Ho tenuto molto ad allestire questa mostra nel 2014 trattandosi del 50° anniversario dell’ultimo scudetto del Bologna, ricorrenza felice e triste allo stesso momento. Felice perché è un momento di gloria che va ricordato e tramandato a coloro (me compreso) che non hanno avuto la fortuna di viverlo, e triste perché cinquant’anni sono tanti e sono lì a ricordarci che il Bologna Calcio purtroppo non ha fatto differenza da tanti altri aspetti della nostra città, allontanandosi dai lustri di un tempo. Cerchiamo però di prendere anche da questo la spinta per ripartire a livello calcistico e cittadino, per tornare a essere l’esempio che eravamo.

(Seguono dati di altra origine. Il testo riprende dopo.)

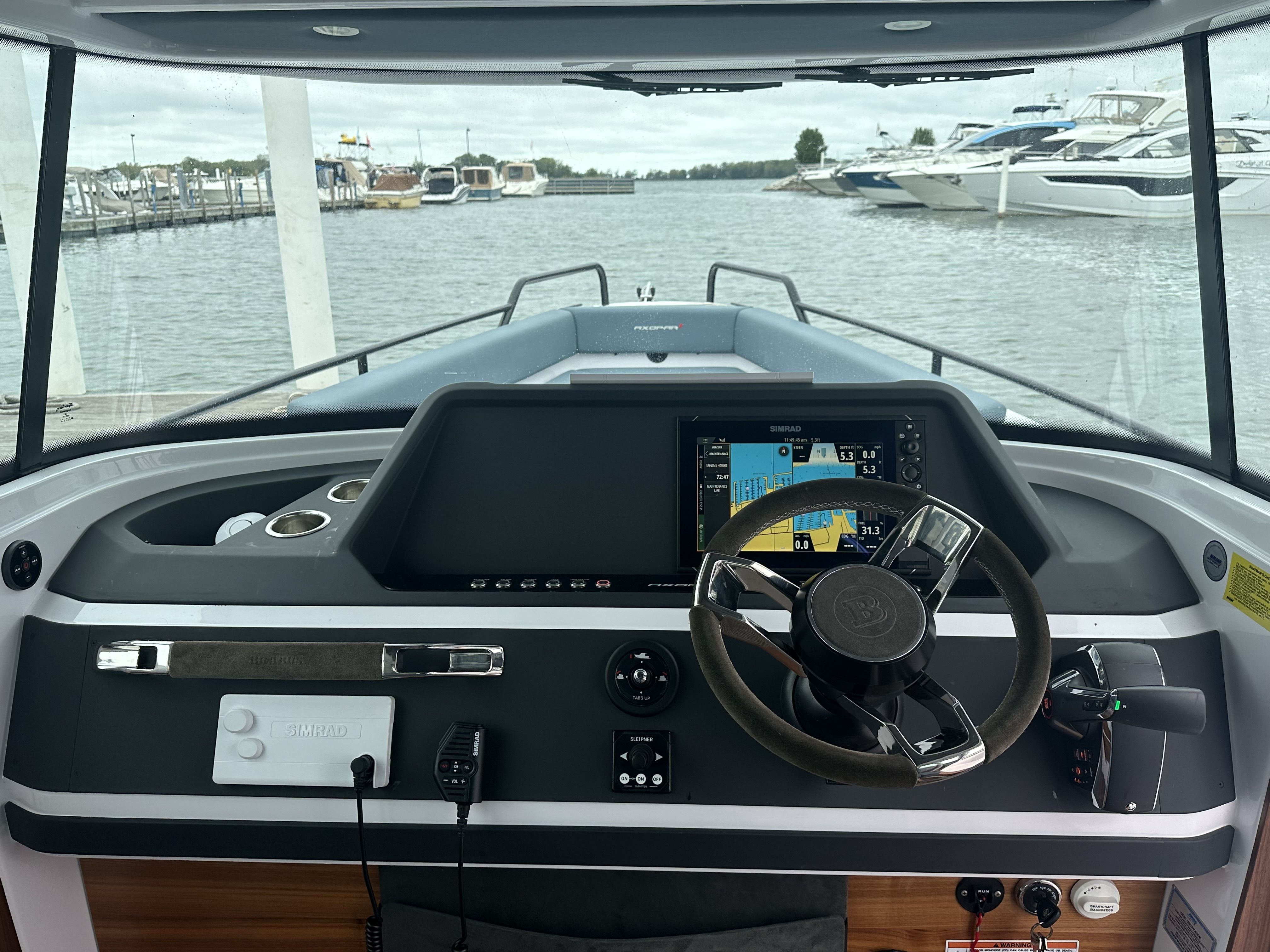 Slide: The Image of Axopar 28CABIN 2023 - 10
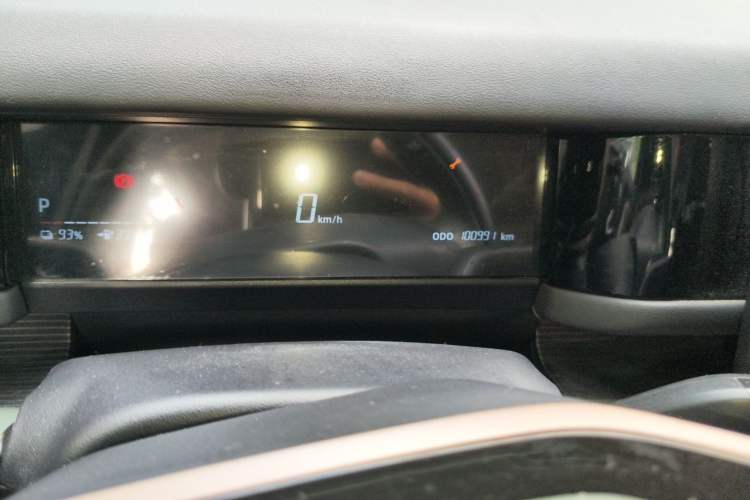 Used iCAR 03 2024 501km Two-Wheel Drive Long-Range Version Odometer Close Up
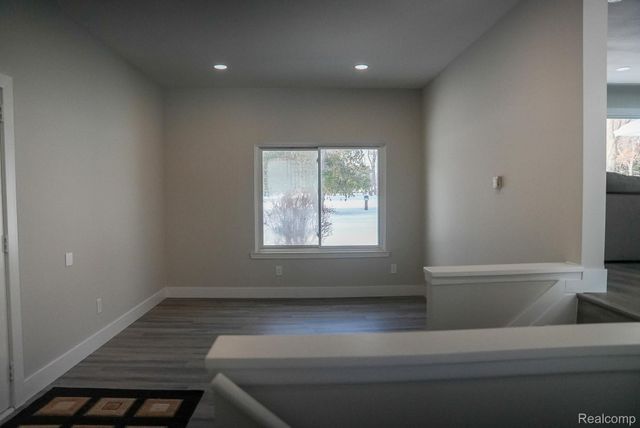 2172 Ostrum Drive, Waterford Charter Township, MI 48328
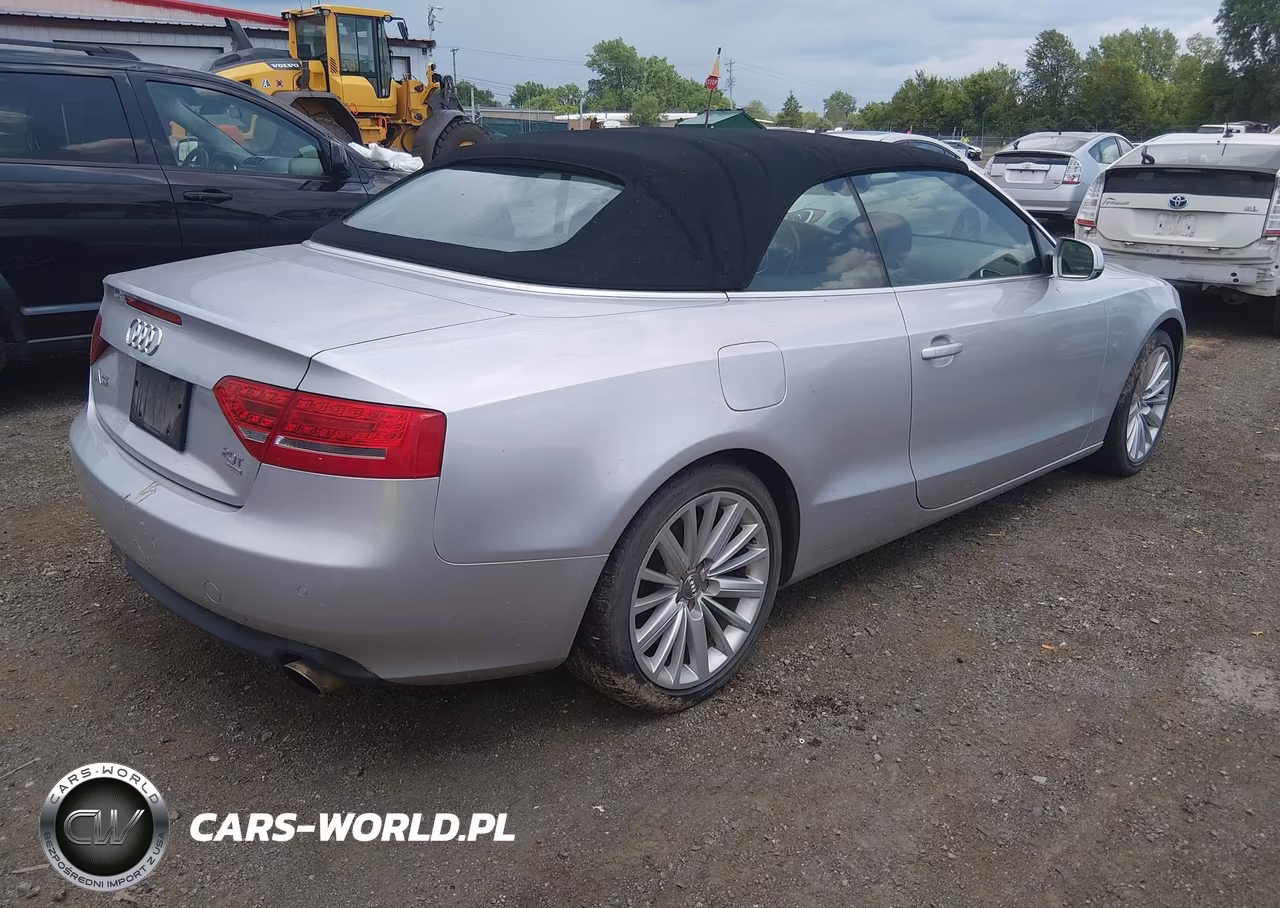 2012 Audi A5 2.0T Premium VIN:WAULFAFH0CN000826 - 4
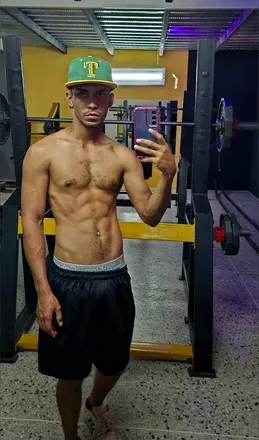 OnlyFans cuenta eg22riv header 2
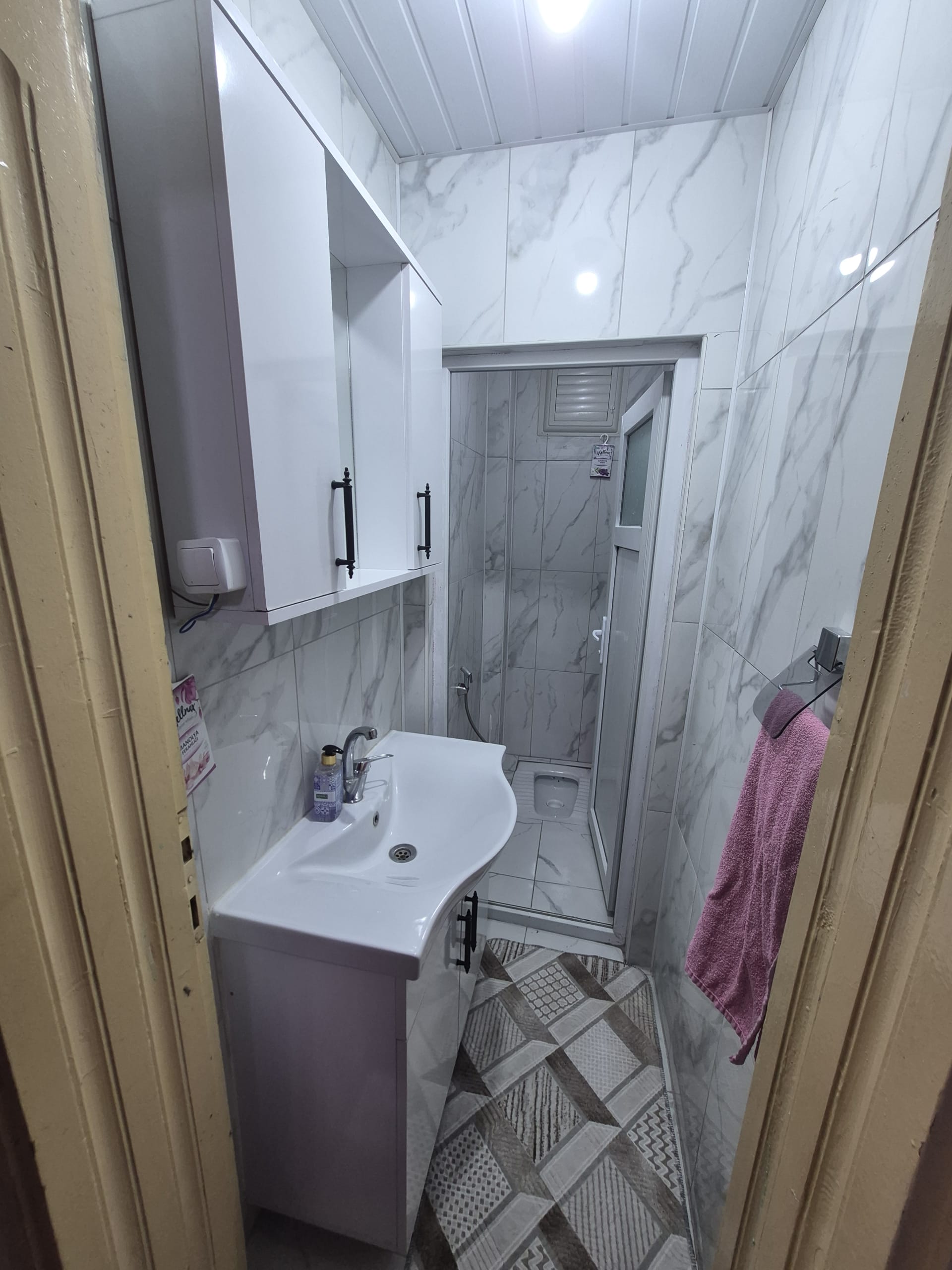 SEKİ ÇEŞME MAHALLESİ 3+1 ODALI 150M2 ARA KAT SATILIK DAİRE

Di quello scudetto però ho respirato anch’io il profumo, e l’organizzazione di questa mostra mi ha dato la possibilità di incontrare tre dei protagonisti di quella gloriosa annata: Janich, Pascutti e Pavinato, in rigoroso ordine alfabetico. Di loro, che fino a prima dell’incontro erano solo i nomi recitati a memoria da mio zio declinando la cantilena della formazione scudetto, non ho purtroppo potuto apprezzare le doti tecniche in campo ma solo la grande personalità nonché disponibilità, per la quale li ringrazio.
“Fede calcistica” non pretende di essere esaustiva (oltretutto per problemi di spazio non tutte le oltre 300 maglie potranno essere adeguatamente esposte in sala), semplicemente raggruppa le maglie che sono riuscito a collezionare in un decennio abbondante, completate da quelle del mio amico Federico V. Il nostro nome in comune ci ha ispirato per il titolo della mostra stessa. Buona visione!Federico M.